→ Exercise objective: Give back, word for word, the line that contains "Power pylon" and all lines after it in the material, through the last; please include only these.

→ The input:
"""
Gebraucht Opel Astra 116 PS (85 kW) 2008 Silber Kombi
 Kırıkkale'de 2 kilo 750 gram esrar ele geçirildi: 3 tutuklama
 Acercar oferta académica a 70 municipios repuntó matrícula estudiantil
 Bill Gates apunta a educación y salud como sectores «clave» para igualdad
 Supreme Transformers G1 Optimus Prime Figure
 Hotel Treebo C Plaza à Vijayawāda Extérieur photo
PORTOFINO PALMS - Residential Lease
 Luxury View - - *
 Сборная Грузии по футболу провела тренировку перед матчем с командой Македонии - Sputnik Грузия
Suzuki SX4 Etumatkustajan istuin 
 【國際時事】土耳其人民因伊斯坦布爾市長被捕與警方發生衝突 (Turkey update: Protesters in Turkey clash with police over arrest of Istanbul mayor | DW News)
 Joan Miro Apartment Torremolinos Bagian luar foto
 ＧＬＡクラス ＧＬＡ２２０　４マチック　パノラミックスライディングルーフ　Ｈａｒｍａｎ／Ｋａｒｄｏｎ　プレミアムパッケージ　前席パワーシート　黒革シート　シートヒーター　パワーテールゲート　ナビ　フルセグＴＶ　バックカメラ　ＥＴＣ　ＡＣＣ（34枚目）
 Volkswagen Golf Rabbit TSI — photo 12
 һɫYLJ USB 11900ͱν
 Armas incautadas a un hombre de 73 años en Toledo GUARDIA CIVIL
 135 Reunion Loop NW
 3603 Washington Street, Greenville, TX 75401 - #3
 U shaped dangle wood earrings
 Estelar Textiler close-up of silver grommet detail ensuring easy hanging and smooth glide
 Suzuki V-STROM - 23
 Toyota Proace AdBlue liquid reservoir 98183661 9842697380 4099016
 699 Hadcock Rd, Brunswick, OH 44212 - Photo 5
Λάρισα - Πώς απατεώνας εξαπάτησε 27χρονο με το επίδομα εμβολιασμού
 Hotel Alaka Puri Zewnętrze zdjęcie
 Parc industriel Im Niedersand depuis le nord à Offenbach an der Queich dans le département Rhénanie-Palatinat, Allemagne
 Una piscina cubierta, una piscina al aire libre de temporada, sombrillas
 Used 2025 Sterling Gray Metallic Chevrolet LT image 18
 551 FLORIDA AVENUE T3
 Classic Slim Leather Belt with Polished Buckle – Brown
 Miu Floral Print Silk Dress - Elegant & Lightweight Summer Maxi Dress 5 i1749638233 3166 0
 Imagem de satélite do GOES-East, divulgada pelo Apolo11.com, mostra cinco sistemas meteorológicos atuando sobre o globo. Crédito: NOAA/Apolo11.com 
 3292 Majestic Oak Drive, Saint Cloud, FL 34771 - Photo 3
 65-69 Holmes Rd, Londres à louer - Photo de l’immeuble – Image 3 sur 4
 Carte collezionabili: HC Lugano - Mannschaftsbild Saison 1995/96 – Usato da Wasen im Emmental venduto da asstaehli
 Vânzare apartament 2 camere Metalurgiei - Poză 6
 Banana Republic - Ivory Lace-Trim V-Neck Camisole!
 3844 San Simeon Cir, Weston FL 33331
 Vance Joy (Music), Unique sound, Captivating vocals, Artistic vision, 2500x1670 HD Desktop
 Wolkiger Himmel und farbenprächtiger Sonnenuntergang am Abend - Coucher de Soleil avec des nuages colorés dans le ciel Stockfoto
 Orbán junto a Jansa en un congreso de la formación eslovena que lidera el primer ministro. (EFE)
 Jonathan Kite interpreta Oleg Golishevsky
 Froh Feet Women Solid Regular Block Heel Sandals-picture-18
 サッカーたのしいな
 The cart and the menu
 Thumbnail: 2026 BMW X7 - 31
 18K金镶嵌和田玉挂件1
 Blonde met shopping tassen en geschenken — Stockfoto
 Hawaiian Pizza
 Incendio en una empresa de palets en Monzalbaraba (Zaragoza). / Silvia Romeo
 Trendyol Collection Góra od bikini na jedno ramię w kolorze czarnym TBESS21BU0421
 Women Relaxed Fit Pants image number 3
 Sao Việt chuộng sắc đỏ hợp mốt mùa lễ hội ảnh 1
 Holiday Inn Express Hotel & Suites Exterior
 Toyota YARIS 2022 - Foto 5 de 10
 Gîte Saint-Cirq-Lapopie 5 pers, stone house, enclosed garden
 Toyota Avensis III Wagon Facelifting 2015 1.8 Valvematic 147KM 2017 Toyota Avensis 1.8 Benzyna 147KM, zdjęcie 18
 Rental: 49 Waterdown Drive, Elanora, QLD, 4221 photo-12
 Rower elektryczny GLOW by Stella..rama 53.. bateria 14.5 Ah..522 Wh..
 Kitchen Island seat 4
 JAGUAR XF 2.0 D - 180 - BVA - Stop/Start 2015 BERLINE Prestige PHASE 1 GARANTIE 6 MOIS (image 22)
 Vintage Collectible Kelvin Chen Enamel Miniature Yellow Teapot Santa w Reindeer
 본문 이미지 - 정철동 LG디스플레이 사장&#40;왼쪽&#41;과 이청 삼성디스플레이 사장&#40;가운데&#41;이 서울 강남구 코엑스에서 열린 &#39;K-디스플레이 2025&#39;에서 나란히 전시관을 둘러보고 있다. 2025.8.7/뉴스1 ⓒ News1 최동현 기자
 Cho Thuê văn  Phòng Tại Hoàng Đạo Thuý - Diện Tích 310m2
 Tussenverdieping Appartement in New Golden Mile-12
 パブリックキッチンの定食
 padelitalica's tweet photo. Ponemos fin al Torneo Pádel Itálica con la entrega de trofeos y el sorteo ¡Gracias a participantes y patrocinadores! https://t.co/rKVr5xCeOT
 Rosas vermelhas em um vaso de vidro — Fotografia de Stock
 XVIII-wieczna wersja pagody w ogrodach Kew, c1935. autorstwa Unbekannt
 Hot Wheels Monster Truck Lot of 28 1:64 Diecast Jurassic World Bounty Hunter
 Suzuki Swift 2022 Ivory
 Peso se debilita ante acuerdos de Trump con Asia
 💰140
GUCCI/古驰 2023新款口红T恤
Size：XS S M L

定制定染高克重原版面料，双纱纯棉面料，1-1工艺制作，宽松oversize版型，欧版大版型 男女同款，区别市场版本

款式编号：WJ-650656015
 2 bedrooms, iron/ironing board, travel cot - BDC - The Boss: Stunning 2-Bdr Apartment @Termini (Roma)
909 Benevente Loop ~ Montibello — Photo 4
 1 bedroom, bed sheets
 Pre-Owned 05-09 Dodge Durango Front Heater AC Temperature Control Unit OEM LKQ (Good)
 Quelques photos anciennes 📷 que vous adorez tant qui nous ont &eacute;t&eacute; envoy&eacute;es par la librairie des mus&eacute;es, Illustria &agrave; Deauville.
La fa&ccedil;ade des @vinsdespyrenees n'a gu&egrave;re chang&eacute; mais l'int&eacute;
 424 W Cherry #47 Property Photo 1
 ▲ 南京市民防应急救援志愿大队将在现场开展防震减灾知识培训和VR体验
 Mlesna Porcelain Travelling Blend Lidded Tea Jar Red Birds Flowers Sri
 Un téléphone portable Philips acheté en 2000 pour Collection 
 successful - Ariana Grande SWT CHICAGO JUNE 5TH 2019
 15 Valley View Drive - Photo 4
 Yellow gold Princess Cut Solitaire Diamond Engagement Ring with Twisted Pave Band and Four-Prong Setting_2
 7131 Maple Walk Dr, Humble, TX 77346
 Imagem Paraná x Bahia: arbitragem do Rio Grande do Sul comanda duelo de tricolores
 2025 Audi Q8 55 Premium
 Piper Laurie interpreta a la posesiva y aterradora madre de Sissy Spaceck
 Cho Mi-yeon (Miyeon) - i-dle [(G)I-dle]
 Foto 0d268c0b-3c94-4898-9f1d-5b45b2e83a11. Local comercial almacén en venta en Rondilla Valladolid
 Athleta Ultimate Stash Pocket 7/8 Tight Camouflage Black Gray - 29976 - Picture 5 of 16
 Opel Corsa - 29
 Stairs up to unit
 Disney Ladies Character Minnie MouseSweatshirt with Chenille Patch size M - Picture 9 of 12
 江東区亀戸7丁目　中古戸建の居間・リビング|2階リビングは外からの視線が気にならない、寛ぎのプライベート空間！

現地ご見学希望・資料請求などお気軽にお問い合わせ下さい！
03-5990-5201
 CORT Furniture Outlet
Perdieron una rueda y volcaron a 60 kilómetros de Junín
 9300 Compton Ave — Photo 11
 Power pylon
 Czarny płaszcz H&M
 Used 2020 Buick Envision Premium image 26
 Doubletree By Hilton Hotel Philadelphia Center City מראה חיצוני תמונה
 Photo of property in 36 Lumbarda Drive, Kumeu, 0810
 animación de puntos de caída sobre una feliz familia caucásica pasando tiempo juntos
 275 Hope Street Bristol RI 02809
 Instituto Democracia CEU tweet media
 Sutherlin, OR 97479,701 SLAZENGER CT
"""
→ Answer space:
 Power pylon
 Czarny płaszcz H&M
 Used 2020 Buick Envision Premium image 26
 Doubletree By Hilton Hotel Philadelphia Center City מראה חיצוני תמונה
 Photo of property in 36 Lumbarda Drive, Kumeu, 0810
 animación de puntos de caída sobre una feliz familia caucásica pasando tiempo juntos
 275 Hope Street Bristol RI 02809
 Instituto Democracia CEU tweet media
 Sutherlin, OR 97479,701 SLAZENGER CT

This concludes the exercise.